Thirlestane Castle trustees hoping new cafe will be planners’ cup of tea

Hopes of turning around a trend of dwindling visitor numbers at Thirlestane Castle are lying in the hands of the region’s planning chiefs.

Thirlestane Castle at Lauder.
Thirlestane Castle at Lauder.

The Lauder visitor attraction believes the creation of a new tea room at the 16th century castle will help turn its fortunes around, should Scottish Borders Council planners give it the go-ahead.

The historic seat of the Earls and Duke of Lauderdale, Thirlestane has been home to the Maitland family since 1590, and run by a charitable trust since 1983.

The castle is open to visitors from May to October and year-round for exclusive-use private functions, but visitor numbers have remained stagnant of late.

David Willis from Edinburgh architect firm Crichton Lang, Willis + Galloway explained: “Visitor numbers have fallen from a peak of around 16,000 annually in 1999 to around 5,800 in 2012 which was the last full year the castle was open before closure due to dry rot.

“The castle was closed for the 2013 season for extensive repairs to be carried out and there was limited opening of two days per week in 2014.

“In 2015 the number of days open was increased to 65 and since 2016 the castle has been open 92 days.

“There has been no measurable improvement in daily visitor numbers during this recent three-year spell.”

The firm’s latest management report in 2014 suggests essential long-term maintenance of the castle will cost around £660,000.

Mr Willis added: “Over the years the trustees have considered a number of ways of complementing the visitor attraction business model in order to increase revenue.”

Now trustees want to remove and relocate an existing kitchen there so that they can create an extended tea room that will join onto the south courtyard.
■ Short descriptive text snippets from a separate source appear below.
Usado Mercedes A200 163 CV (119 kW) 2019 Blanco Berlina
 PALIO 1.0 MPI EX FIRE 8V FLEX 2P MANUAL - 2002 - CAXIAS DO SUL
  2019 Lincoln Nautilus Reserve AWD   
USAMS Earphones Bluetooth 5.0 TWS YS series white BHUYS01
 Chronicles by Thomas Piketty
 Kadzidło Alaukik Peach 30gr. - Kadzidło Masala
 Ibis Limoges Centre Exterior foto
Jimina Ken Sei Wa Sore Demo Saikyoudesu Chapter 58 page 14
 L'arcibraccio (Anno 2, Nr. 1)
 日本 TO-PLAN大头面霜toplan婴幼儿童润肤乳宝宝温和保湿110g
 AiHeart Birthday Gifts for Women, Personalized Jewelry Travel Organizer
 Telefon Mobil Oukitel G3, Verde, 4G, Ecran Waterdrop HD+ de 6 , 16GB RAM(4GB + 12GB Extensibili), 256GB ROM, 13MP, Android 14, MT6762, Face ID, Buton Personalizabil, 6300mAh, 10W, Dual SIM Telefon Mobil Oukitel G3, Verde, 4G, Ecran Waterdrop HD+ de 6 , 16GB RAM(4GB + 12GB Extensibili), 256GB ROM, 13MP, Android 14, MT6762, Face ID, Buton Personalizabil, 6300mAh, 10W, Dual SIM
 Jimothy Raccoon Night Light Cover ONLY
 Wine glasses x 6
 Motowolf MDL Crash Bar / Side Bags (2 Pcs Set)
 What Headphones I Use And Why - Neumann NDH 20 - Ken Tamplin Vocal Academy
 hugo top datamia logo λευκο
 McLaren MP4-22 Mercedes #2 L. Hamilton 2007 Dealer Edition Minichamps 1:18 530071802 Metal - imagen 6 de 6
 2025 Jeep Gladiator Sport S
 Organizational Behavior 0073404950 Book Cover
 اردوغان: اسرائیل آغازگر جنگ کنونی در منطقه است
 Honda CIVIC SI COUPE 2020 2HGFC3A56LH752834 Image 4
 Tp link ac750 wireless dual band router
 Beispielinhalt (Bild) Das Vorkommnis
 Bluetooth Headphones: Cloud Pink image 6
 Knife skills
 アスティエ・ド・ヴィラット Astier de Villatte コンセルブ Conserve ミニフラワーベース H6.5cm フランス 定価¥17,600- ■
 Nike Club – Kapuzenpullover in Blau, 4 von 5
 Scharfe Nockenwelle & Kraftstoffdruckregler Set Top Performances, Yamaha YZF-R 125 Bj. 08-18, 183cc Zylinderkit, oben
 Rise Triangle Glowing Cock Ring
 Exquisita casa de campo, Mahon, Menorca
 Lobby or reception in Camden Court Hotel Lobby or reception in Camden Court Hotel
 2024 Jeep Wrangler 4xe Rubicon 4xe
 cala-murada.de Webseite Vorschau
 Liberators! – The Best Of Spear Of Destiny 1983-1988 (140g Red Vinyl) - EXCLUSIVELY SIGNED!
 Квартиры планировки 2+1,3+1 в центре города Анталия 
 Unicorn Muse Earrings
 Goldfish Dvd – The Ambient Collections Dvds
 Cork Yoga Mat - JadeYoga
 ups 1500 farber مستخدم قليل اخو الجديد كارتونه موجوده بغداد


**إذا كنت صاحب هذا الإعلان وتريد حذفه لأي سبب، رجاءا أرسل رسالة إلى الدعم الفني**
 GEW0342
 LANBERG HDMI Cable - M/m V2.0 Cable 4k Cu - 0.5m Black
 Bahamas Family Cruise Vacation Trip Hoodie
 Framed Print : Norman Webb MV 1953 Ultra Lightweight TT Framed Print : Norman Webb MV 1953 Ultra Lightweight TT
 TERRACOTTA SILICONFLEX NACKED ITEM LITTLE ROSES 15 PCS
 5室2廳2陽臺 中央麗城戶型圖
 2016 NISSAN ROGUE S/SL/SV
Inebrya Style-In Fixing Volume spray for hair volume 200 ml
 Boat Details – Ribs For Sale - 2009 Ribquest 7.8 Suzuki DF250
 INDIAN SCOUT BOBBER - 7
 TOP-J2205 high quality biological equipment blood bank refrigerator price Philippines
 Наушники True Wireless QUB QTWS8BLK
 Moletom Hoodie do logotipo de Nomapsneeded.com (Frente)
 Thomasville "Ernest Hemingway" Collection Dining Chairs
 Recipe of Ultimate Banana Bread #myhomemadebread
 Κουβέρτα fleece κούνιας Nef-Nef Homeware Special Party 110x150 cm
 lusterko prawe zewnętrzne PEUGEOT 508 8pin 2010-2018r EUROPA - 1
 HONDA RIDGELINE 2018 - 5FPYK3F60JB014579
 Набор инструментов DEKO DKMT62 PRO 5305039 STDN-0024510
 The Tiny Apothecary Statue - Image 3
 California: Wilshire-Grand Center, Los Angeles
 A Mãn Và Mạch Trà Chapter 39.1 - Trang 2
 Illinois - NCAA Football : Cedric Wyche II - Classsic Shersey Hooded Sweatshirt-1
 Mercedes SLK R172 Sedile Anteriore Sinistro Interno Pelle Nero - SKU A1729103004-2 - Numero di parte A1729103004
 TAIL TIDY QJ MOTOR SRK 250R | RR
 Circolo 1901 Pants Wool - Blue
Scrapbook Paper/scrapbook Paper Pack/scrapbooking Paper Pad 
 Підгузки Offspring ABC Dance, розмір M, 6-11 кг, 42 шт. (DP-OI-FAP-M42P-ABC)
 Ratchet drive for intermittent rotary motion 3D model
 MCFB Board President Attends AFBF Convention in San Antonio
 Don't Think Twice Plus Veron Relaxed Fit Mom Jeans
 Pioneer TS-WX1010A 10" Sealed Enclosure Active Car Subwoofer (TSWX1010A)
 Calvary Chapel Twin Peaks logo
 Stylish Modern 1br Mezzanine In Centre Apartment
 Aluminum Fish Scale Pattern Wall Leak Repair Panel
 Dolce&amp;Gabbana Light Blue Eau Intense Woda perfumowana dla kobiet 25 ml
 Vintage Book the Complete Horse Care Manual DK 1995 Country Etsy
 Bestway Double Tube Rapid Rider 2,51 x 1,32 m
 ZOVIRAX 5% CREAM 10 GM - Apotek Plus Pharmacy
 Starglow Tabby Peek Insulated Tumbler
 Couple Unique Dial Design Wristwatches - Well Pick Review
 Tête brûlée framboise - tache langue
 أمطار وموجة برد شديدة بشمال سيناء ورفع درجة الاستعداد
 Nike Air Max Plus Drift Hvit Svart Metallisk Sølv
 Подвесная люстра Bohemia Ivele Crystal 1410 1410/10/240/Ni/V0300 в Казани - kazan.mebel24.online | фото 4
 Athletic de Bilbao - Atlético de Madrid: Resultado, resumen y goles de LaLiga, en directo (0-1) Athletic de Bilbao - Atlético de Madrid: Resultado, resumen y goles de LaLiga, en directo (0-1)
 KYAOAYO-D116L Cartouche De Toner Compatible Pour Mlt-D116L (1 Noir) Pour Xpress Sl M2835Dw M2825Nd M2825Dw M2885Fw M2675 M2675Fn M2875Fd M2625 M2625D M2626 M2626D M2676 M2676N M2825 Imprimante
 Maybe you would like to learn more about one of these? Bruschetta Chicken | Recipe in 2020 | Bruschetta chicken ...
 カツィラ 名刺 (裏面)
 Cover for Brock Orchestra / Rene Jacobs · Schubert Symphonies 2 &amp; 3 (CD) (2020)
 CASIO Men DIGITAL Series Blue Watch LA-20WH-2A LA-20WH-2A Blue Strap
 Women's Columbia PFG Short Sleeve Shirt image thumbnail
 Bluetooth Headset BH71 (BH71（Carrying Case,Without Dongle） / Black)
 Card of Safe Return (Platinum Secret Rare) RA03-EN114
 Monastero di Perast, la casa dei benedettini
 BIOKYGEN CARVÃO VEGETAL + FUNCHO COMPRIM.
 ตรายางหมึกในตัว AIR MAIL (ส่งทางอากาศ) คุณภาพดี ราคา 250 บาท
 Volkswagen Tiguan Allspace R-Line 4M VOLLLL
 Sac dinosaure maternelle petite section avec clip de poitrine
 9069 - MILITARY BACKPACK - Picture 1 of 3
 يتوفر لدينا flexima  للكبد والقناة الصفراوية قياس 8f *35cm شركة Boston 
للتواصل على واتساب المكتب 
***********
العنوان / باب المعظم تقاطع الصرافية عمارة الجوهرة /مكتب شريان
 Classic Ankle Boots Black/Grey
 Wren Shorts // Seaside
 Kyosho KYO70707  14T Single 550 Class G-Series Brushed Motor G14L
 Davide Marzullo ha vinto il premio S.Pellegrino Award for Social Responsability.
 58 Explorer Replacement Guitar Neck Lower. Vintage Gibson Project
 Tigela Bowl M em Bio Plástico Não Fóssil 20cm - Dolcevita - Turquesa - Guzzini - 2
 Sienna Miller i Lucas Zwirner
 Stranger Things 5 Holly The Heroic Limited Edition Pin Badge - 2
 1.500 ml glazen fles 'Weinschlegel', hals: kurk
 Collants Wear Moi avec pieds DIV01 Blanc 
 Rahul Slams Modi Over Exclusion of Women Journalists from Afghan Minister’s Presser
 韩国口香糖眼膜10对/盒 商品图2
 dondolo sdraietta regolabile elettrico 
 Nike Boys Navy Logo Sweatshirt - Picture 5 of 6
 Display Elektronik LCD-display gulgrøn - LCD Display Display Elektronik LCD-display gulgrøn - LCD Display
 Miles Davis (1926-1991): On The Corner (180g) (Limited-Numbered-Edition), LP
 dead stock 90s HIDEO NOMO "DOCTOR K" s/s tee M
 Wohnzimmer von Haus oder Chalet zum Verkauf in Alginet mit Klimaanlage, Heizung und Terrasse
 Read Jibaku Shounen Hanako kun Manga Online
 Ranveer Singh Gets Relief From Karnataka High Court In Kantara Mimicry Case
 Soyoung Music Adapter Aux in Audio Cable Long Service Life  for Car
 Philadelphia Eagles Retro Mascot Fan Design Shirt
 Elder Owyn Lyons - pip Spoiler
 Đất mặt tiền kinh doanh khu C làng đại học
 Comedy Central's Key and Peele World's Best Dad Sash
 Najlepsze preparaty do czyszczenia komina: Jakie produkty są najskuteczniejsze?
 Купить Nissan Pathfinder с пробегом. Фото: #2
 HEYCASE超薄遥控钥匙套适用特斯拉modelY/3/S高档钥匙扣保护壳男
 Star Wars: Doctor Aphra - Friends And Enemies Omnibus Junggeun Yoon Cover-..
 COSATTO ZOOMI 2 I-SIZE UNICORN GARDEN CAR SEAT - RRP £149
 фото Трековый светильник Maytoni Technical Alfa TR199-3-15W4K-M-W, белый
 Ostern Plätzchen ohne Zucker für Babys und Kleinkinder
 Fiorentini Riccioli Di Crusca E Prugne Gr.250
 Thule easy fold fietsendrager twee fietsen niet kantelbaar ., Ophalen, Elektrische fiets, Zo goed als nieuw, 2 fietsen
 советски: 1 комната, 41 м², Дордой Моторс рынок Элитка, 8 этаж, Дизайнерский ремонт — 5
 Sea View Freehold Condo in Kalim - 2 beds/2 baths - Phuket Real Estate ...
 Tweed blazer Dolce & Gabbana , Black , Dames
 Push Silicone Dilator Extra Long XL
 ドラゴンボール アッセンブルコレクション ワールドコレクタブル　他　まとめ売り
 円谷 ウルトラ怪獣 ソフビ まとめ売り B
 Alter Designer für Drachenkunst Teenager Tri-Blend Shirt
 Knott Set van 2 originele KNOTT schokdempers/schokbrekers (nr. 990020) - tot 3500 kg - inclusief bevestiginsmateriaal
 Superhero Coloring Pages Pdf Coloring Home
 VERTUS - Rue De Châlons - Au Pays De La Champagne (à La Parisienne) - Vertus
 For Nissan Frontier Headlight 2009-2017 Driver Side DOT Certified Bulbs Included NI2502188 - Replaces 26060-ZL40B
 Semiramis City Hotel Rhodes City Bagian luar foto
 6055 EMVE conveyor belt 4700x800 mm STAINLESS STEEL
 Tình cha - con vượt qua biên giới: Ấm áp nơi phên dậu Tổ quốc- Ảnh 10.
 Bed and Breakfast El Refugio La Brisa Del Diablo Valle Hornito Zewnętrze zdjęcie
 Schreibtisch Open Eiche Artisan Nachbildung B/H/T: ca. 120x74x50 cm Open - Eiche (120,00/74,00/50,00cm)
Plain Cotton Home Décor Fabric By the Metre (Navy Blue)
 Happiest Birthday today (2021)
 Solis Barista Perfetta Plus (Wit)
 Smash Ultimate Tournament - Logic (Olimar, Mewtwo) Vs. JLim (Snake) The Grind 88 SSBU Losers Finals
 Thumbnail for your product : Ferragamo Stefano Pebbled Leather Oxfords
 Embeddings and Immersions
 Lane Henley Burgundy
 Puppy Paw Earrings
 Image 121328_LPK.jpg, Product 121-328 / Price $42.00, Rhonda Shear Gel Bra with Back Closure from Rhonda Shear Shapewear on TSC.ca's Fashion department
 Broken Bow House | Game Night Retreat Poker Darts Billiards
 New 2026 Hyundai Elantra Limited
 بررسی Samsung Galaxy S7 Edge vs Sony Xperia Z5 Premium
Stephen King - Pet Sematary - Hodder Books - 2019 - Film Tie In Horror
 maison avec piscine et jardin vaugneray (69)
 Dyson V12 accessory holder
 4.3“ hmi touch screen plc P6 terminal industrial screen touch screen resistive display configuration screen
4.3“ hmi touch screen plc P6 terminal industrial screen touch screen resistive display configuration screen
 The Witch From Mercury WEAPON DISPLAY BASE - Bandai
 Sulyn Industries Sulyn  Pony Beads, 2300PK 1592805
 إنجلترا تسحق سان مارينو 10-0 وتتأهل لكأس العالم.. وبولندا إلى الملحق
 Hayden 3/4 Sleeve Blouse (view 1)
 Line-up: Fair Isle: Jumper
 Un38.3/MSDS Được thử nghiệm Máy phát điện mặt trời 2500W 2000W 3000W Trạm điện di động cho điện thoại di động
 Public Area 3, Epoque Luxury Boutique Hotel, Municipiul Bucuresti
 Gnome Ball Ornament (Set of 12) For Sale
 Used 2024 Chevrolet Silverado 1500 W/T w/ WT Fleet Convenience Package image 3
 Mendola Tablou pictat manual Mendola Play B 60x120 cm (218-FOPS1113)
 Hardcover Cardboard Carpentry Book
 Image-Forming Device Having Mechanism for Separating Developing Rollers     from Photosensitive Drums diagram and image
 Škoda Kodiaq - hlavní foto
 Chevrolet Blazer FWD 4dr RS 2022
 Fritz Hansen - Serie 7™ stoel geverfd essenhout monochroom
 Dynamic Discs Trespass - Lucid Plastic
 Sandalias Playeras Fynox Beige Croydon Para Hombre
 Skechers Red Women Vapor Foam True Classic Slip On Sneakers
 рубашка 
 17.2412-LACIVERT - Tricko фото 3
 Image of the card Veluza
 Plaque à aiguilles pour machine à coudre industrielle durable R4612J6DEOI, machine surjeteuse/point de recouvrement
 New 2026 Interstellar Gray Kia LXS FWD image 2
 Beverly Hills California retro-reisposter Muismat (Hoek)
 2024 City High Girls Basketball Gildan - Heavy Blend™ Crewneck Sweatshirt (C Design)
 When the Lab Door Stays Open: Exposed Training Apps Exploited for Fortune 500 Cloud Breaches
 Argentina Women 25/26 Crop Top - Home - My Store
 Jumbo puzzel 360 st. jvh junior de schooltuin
They say a current cafe available to visitors at the end of a 10-room tour is “outdated”.

In 2017 Lauderdale Estates landowner Edward Maitland-Carew revealed plans to turn 50 hectares of agricultural land at Thirlestane into a holiday park. That bid, for 500 static caravans, lodges and eco-cabins, a caravan sales centre, shop and cafe, was met with some opposition and was withdrawn in March.